Multiples 24/25 © Sébastien Erôme
2. Vous rappelez-vous votre première Première ? Pouvez-vous la raconter brièvement.

MB — J’ai deux Premières en tête. Ma première Première en tant qu’interprète en 2018 au Théâtre de Suresnes Jean Villar pour le chorégraphe Andrew Skeels. Puis, la Première de ma première création en tant que chorégraphe, INTRO, en août 2019 à Amsterdam. C’était une période particulière, car l’une des trois interprètes, Lauren Lecrique, m’avait annoncé qu’elle quittait la pièce quatre mois plus tôt. La Première était donc aussi la « dernière » de cette danseuse. Le processus de création d’INTRO avait été assez houleux jusqu’à la Première. Elle cristallisait deux années de réflexion et de travail au studio. La Première était un moment magique, intense. Je me souviens qu’on était hyper heureuses d’être ensemble et c’est ce qui prévalait sur tout le reste. La pièce était ce qu’elle était, mais ce qui comptait, c’était comment on l’habitait, comment on la vivait de l’intérieur.

MM — Oui je m’en souviens. C’était à New York, down town, dans un loft minuscule. Dans cet espace très petit, où Jean François Duroure et moi avions présenté pudique acide, notre toute première pièce, il devait y avoir 20 personnes dans le public, assises par terre, serrées. Nous avions un trac fou. Personne n’a été payé. C’était sauvage et informel, mais certaines personnes présentes ce soir-là ont parlé de la pièce, plus tard, et l’ont fait vivre.

3. Quelles émotions vous traversent à l’issue de la Première, depuis l’entrée sur scène des danseur·euses jusqu’aux premiers applaudissements du public ?
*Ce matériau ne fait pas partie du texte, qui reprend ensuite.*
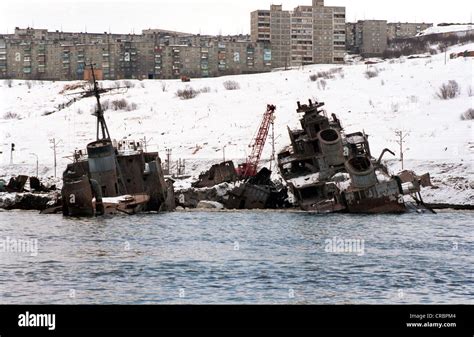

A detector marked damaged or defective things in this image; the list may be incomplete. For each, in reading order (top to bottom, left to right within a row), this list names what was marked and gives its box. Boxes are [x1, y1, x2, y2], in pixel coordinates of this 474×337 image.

rusted metal debris [276, 98, 436, 213]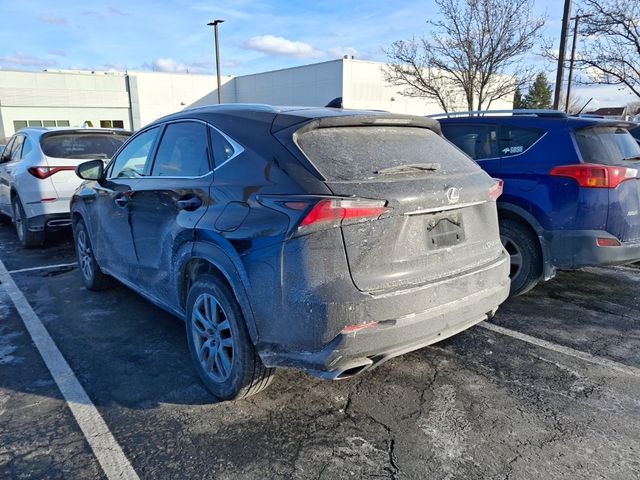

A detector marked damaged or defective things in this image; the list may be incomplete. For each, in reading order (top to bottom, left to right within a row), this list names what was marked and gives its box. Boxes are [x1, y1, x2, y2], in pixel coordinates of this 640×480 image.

cracked pavement [0, 226, 636, 480]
MM — C’est toujours un moment particulier, stressant et beau, où se jouent beaucoup de choses terrifiantes : comment le public va-t-il recevoir le travail ? Comment cette pièce va-t-elle être reçue ? La Première est souvent le moment où sont présent·es les professionnel·les et leur réception peut déterminer la vie d’une pièce. Certain·es professionnel·les ne se basent que sur la Première pour acheter ou non la pièce sans considérer qu’elle va évoluer.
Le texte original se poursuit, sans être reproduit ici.